- Task -
Print all the data below exactly, without images.

Available data Block Start

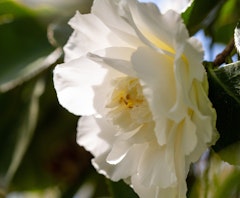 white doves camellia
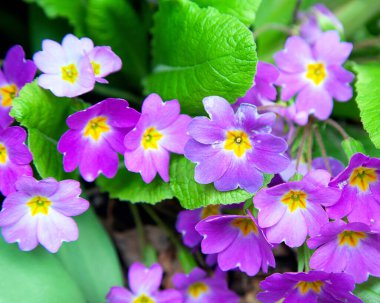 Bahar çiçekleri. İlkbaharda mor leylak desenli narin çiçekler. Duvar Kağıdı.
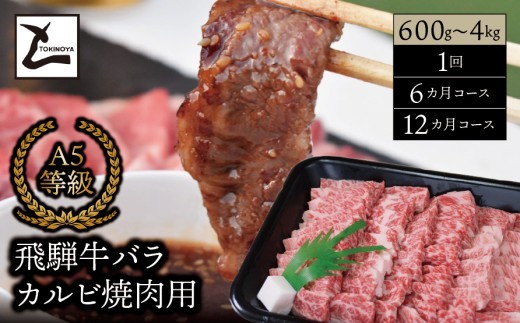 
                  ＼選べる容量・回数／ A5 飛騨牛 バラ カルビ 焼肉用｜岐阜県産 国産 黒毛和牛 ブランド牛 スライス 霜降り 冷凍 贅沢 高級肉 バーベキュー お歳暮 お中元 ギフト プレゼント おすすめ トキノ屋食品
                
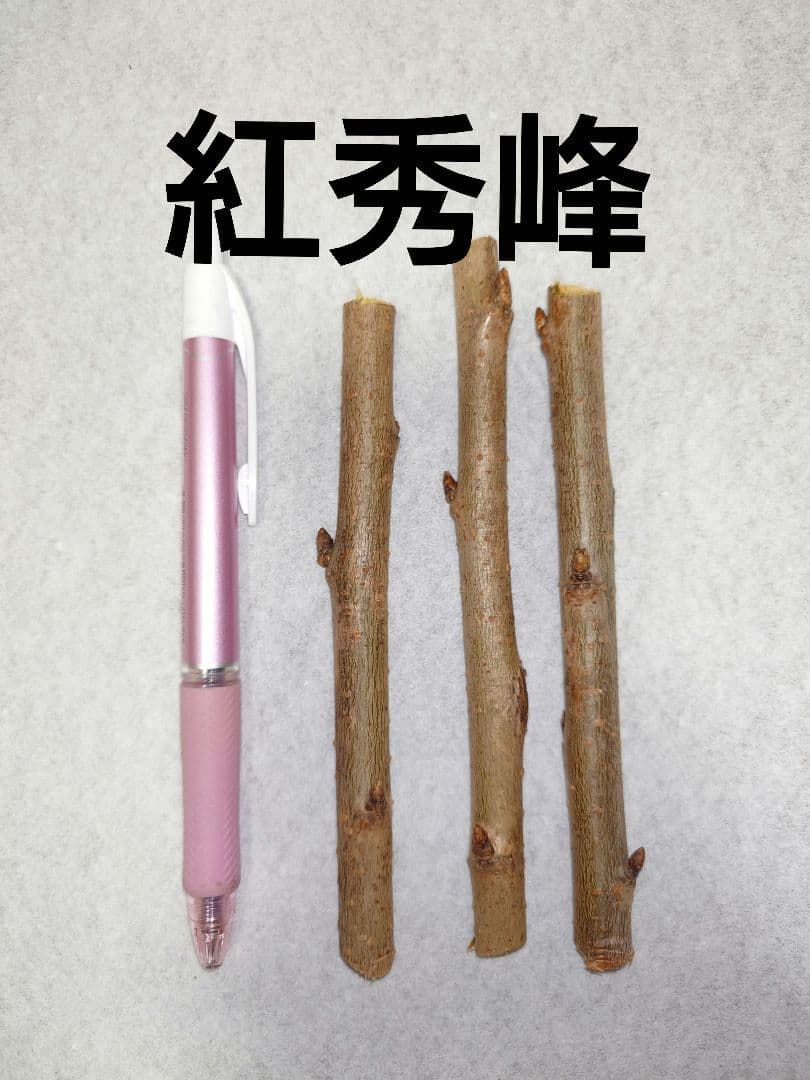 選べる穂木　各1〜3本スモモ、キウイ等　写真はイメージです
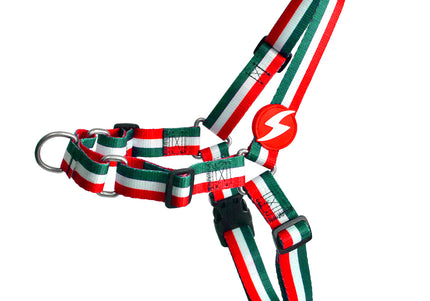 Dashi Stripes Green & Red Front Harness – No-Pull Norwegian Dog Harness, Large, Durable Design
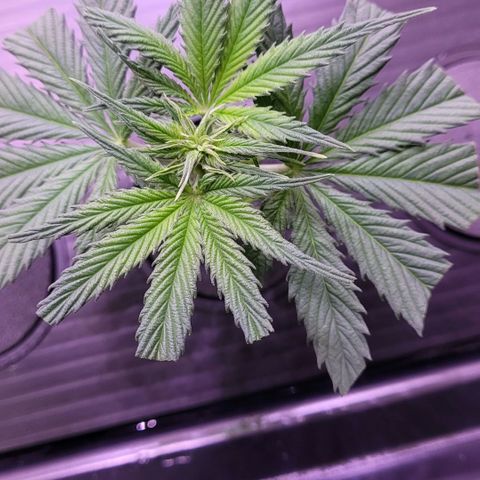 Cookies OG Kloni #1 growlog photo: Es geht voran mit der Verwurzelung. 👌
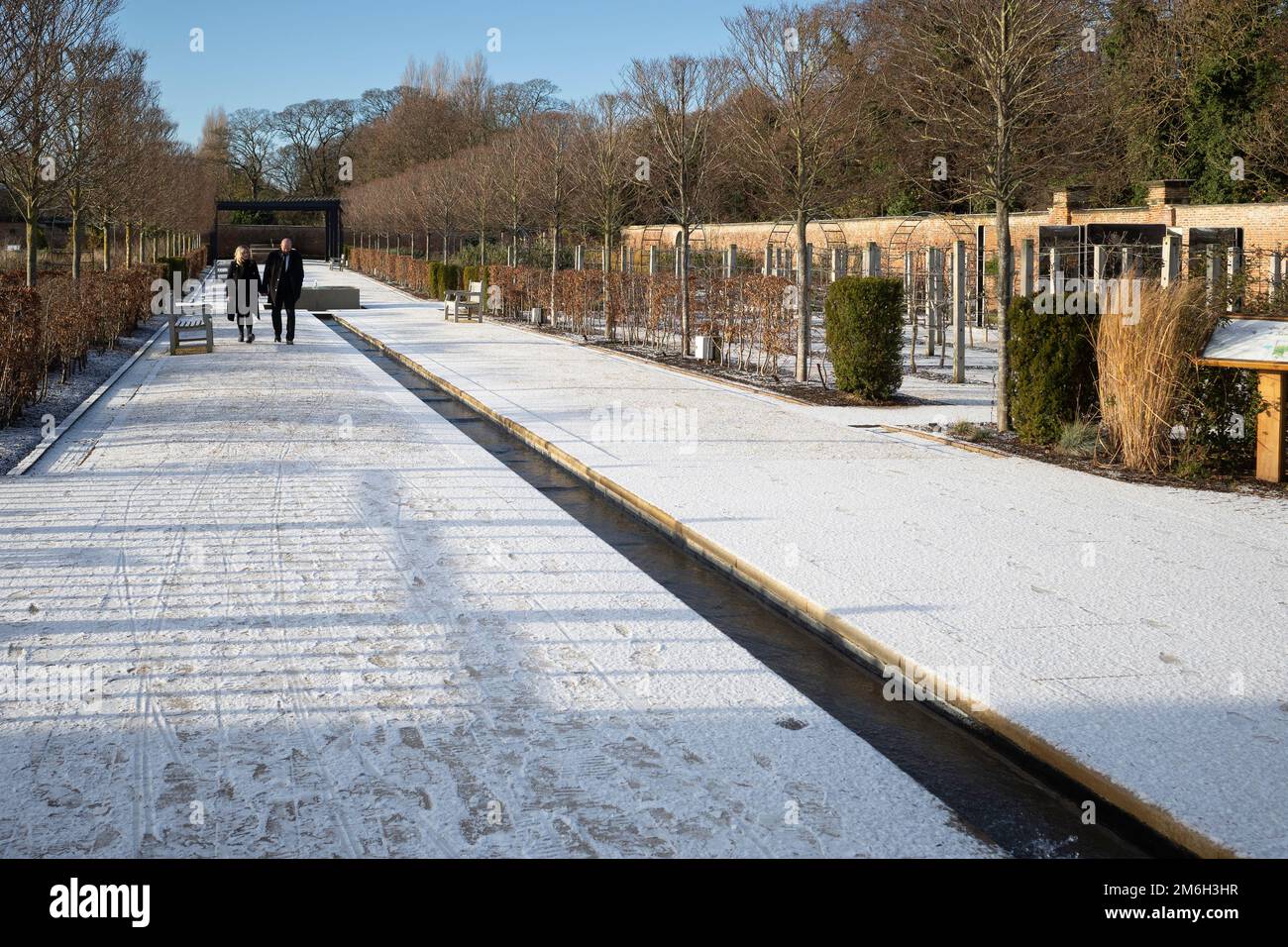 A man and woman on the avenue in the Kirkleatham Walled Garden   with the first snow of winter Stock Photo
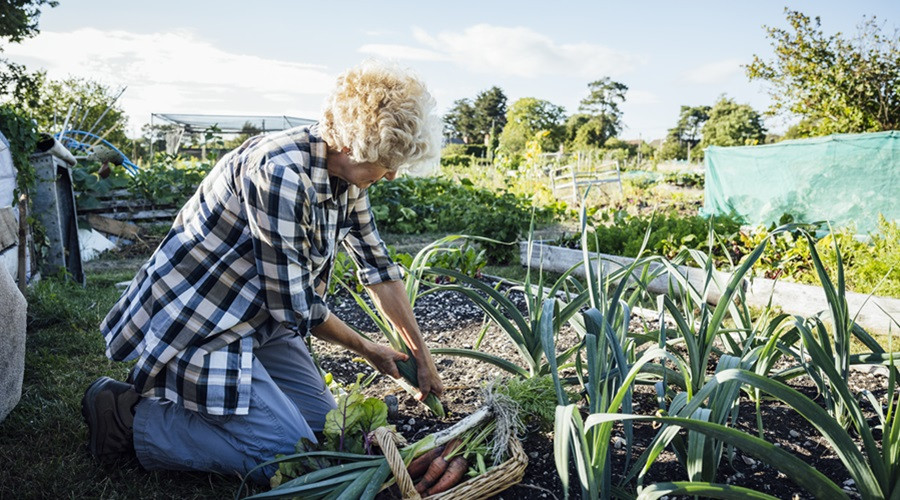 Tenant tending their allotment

Available data Block End

- Result of the task -
 white doves camellia
 Bahar çiçekleri. İlkbaharda mor leylak desenli narin çiçekler. Duvar Kağıdı.
                  ＼選べる容量・回数／ A5 飛騨牛 バラ カルビ 焼肉用｜岐阜県産 国産 黒毛和牛 ブランド牛 スライス 霜降り 冷凍 贅沢 高級肉 バーベキュー お歳暮 お中元 ギフト プレゼント おすすめ トキノ屋食品
                
 選べる穂木　各1〜3本スモモ、キウイ等　写真はイメージです
 Dashi Stripes Green & Red Front Harness – No-Pull Norwegian Dog Harness, Large, Durable Design
 Cookies OG Kloni #1 growlog photo: Es geht voran mit der Verwurzelung. 👌
 A man and woman on the avenue in the Kirkleatham Walled Garden   with the first snow of winter Stock Photo
 Tenant tending their allotment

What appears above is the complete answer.